Start of Data excerpt
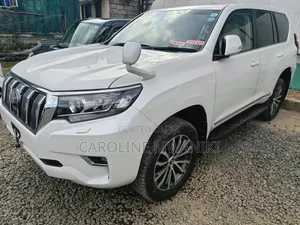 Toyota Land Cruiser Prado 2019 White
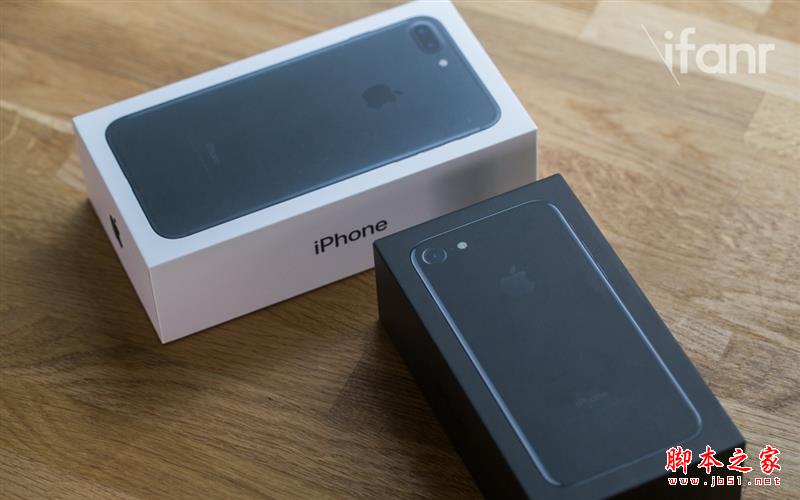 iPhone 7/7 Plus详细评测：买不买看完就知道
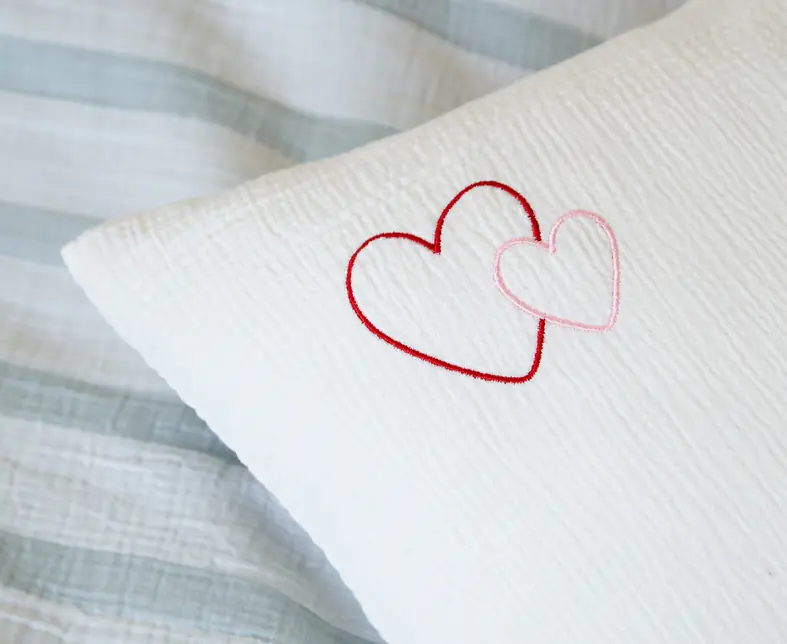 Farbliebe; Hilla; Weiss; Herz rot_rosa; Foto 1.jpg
End of Data excerpt
Task statement =>
Restate every line above exactly, omitting images.

Solved exercise =>
 Toyota Land Cruiser Prado 2019 White
 iPhone 7/7 Plus详细评测：买不买看完就知道
 Farbliebe; Hilla; Weiss; Herz rot_rosa; Foto 1.jpg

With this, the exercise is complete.